Ada Apa antara Istana dan GNPF MUI?

Abdillah Toha
Abdillah Toha
Pengusaha, mantan politisi, pemerhati politik, ekonomi, sosial, dan keagamaan. Pendiri dan Komisaris Utama Grup Mizan.
Presiden Joko Widodo (ketiga kanan) didampingi Menkopolhukam Wiranto, Menteri Agama Lukman Hakim Saifuddin, dan Mensesneg Pratikno menerima pimpinan Gerakan Nasional Pengawal Fatwa Majelis Ulama Indonesia (GNPF-MUI) di Istana Merdeka, Jakarta, Minggu (25/6). ANTARA FOTO/Puspa Perwitasari

Di hari lebaran kemarin kita dikejutkan oleh sebuah pertemuan di istana. Sebuah pertemuan yang tampaknya tidak dipikirkan dan direncanakan dengan matang. Beberapa orang yang menamakan diri sebagai representasi Gerakan Nasional Pengawal Fatwa Majelis Ulama Indonesia (GNPF MUI) di bawah pimpinan Ustadz Bachtiar Nasir diterima Presiden Joko Widodo di Istana Merdeka. Berbagai reaksi kemudian muncul di publik.

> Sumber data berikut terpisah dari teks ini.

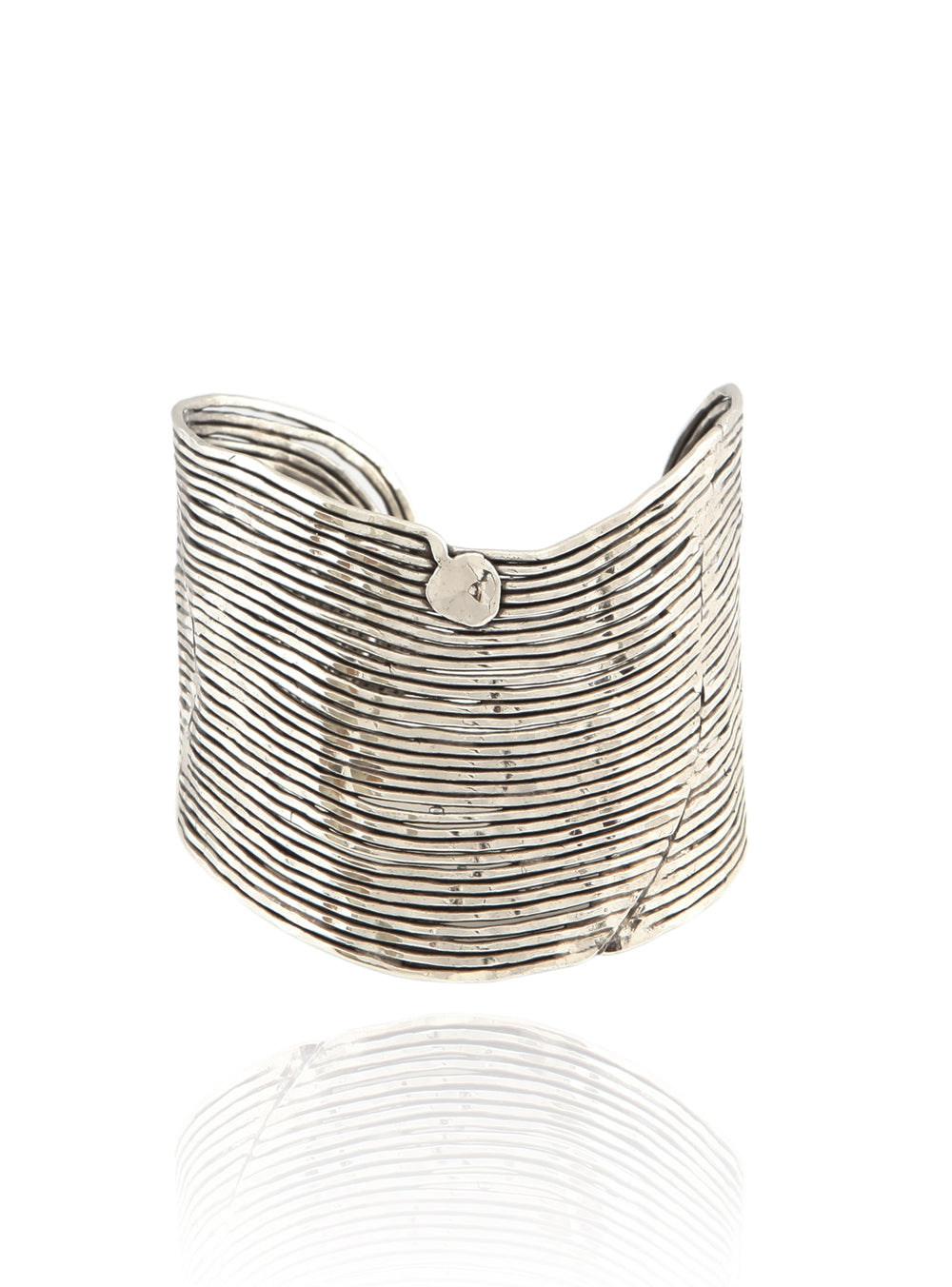 Gas Bijoux Jonc Silver Plate Cuff Bracelet In Argente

Ada kelompok simpatisan GNPF yang kecewa, tapi ada pula yang senang. Yang kecewa menganggap dengan datang menemui Presiden di Istana berarti GNPF telah lempar handuk dan menyerah. Di antara mereka ada yang menyebut diri sebagai Alumni 212 yang gerah karena tidak diikutsertakan dan merasa ditinggalkan serta tidak diajak berbicara sebelum pertemuan. Kelompok terakhir ini tampaknya dikendalikan oleh penasihat GNPF MUI Amien Rais.

Kelompok Alumni 212 yang merasa punya kekuatan besar belakangan bersikap lebih angkuh lagi dengan memberi syarat-syarat tertentu bila rekonsiliasi akan dilakukan dengan Presiden, seperti pertemuan harus di tempat yang netral, dan lain-lain, mirip syarat perundingan antar-negara yang sedang berperang.

Sebaliknya, ada kelompok simpatisan GNPF yang memuji kehebatan tokoh-tokoh itu yang berhasil membuat Jokowi “takluk” karena akhirnya Presiden mau duduk sejajar dengan mereka. Mereka menganggap pertemuan itu sebagai sebuah kemenangan GNPF MUI.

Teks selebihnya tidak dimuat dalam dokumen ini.